RomanDuVin.ch is a monthly magazine specialized on the world of the wine in Swiss French. Inaugurated on April 5th 2005, it was elaborated further to a series of observations made by its chief editor during a university work dealing with the tasting and with his vocabulary in the Hispanic countries. This one realized that:
While for French, American or Spanish wines, a plentiful documentation is on internet at disposal of the curious, as regards the Helvetian vine growing, there is no interesting and independent platform of French-speaking Switzerland.
As regards the literature on the subject, bookshops propose almost only works written by foreign authors who, or know anything in the situation of the regional vineyard, or lose interest in it under pretext that they do not find our wines in their country of origin.
As regards the too rare evocations of the Swiss wine in the media or the publishing, they have difficulty in interesting a public of non-specialists and ignore that, in our time, the consumers, do not see any more the wine as a simple drink, but as the symbol of an art to live and on a culture. Without counting that most of them result from bodies of promotion and reflect more the concerns of these entities than they satisfy the curiosity of the reader.

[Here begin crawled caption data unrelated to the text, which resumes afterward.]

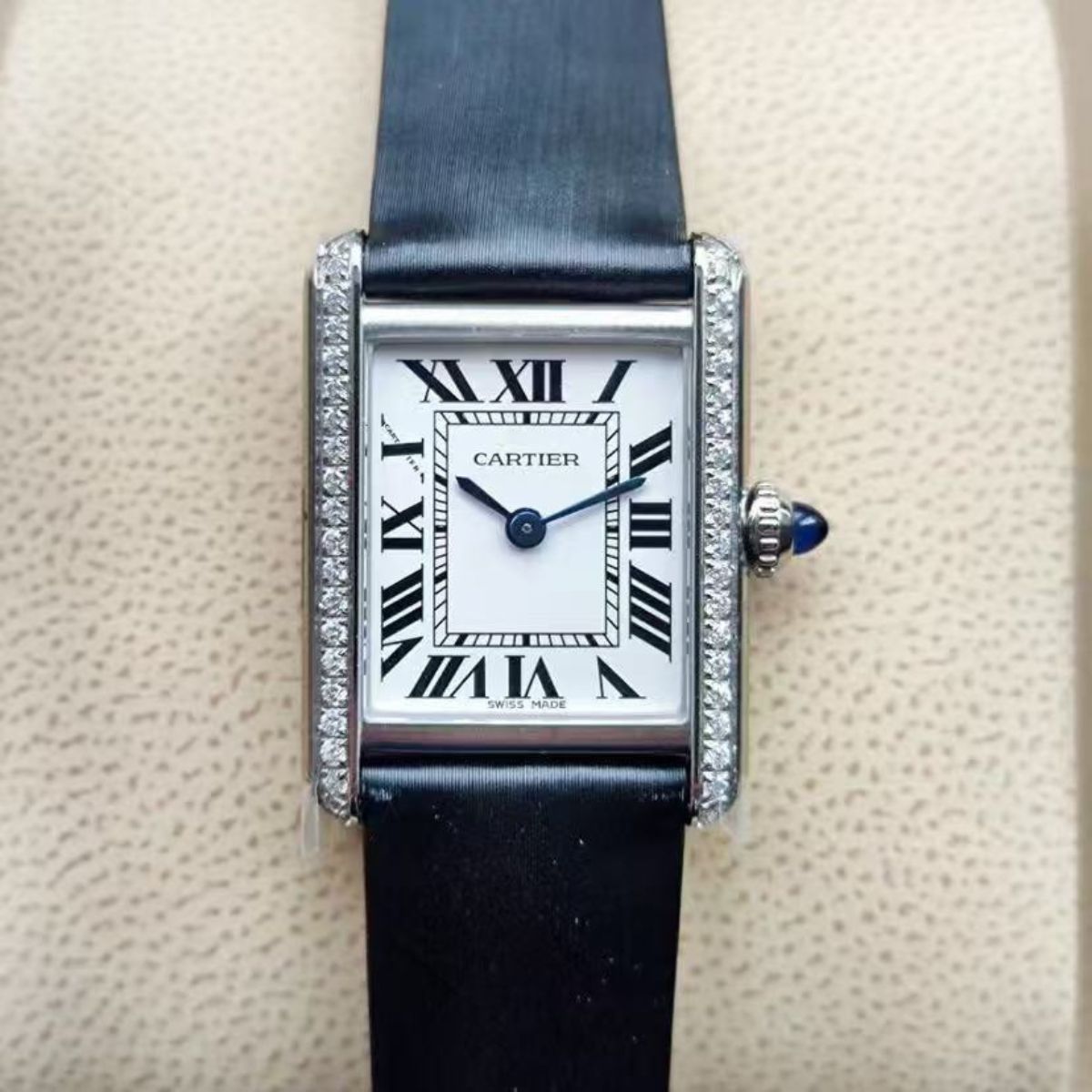 Parisian Rectangular Essential watch 29.5 x 22 mm 8055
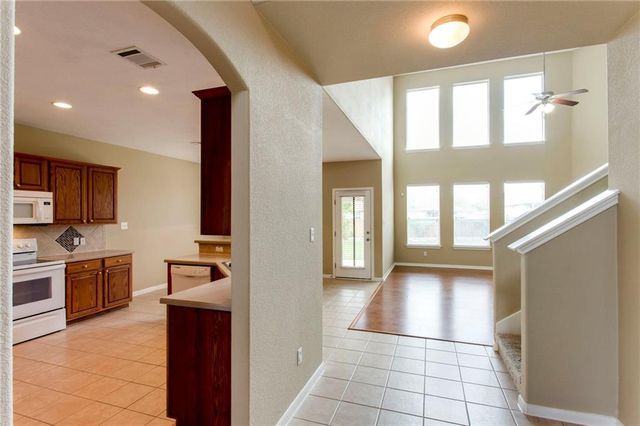 517 Dinge Bay DR, Round Rock, TX 78664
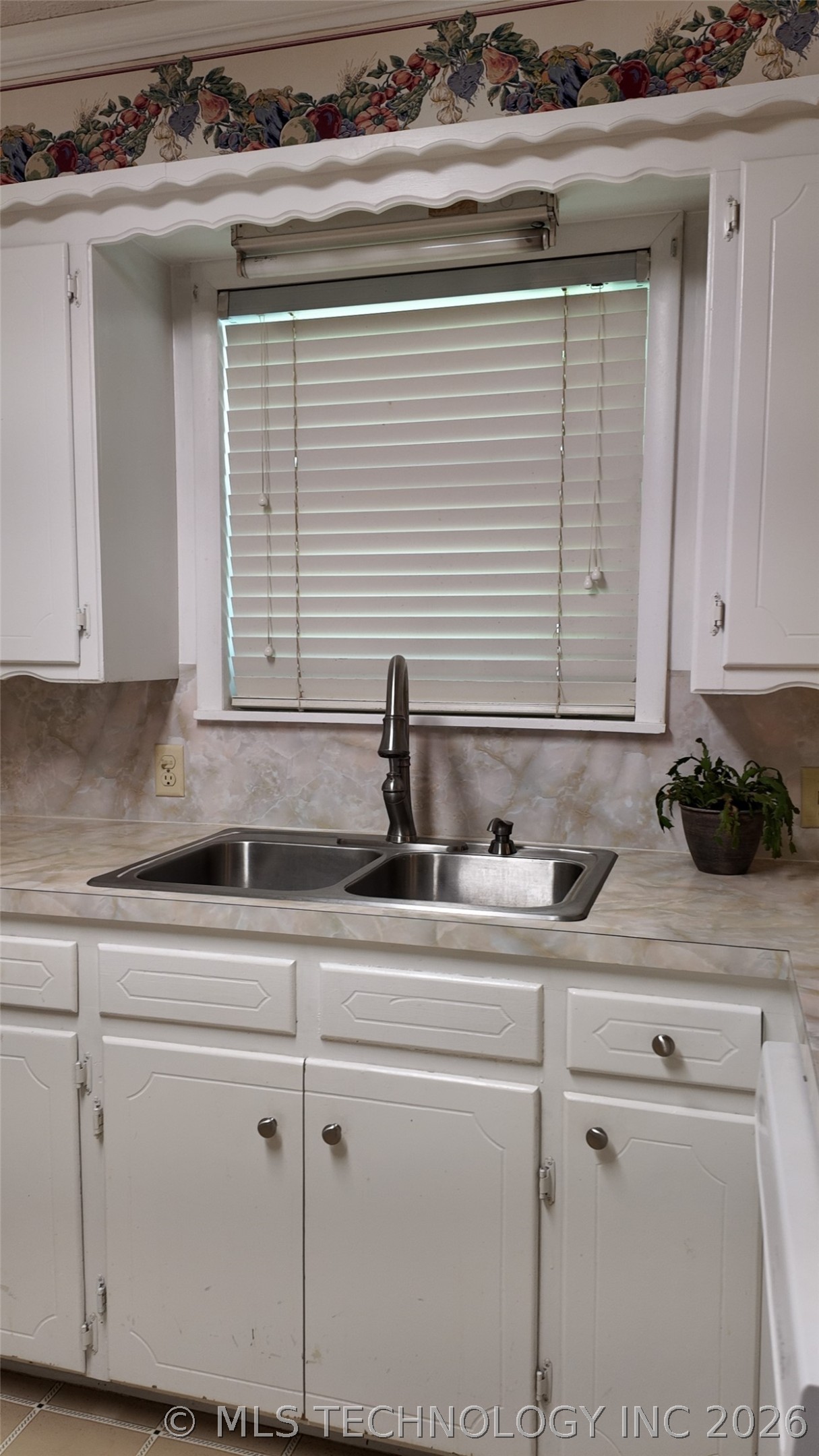 301 N County Line Property Photo 51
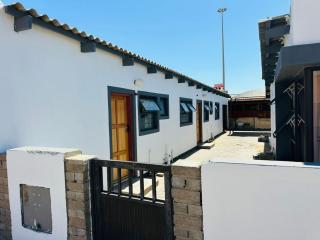 Coastwave Guest House Naraville - 7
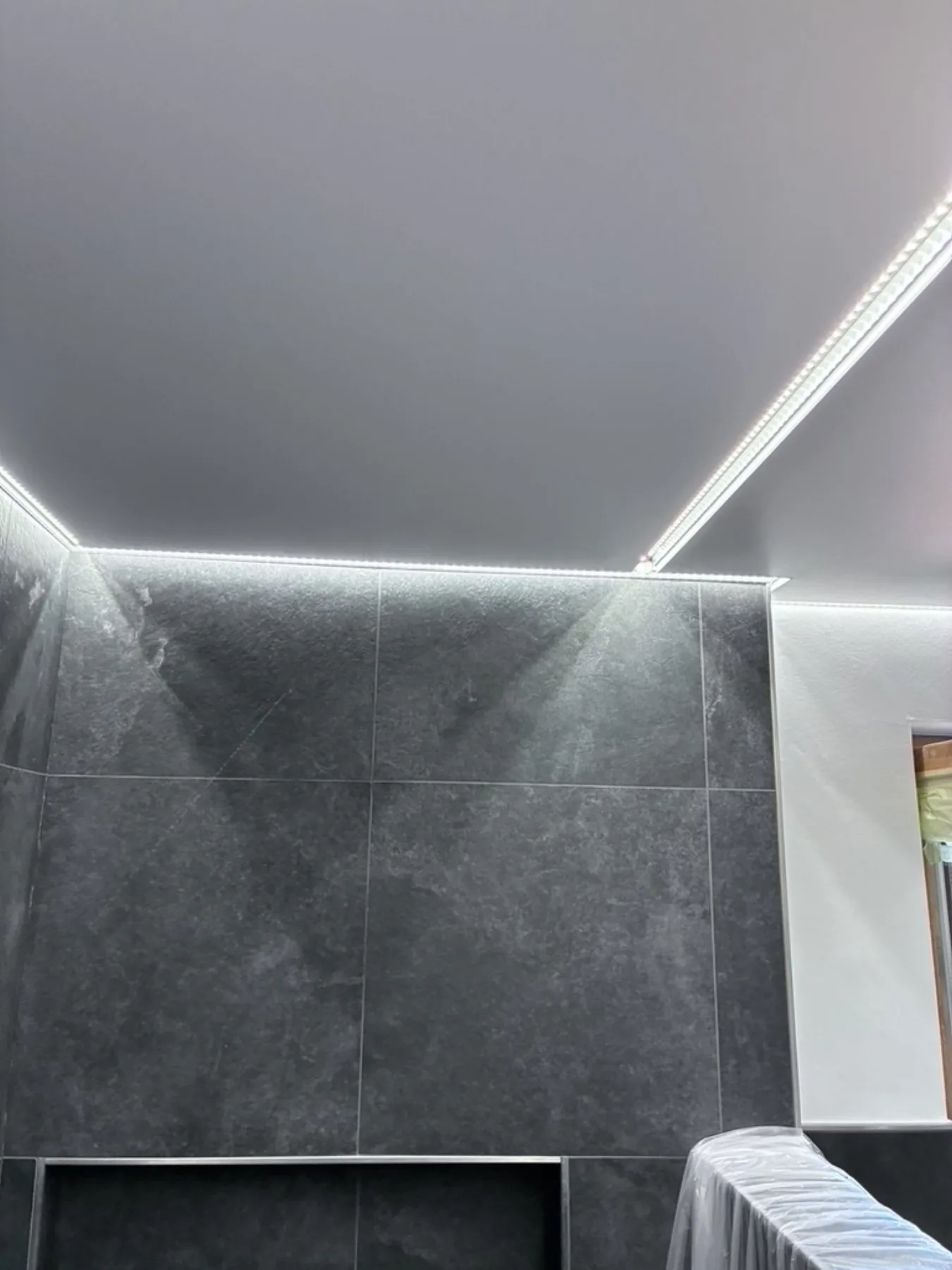 Moderne Spanndecke mit Lichtwirkung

Further to this absence of adapted documents, the public, the foreigner as well as native, considers that the Swiss wine is " without history(ies) ". Now nothing more wrong, the national vine growing made amazing progress these last decades. Without counting that it possesses traditions and sometimes vintage wines unique in the world, which give up not at all to those of their prestigious nearby.
RomanDuVin.ch embodies this will to rehabilitate this vine growing of French-speaking Switzerland " without history(ies) ". By presenting the traditions, the progress as well as the innovations of this vineyard Helvetian, but also its erring ways or its lapse, our website wishes to integrate into the circle of the amateurs of the Swiss wine these more feminine, younger public, and less wealthy, traditionally forgotten.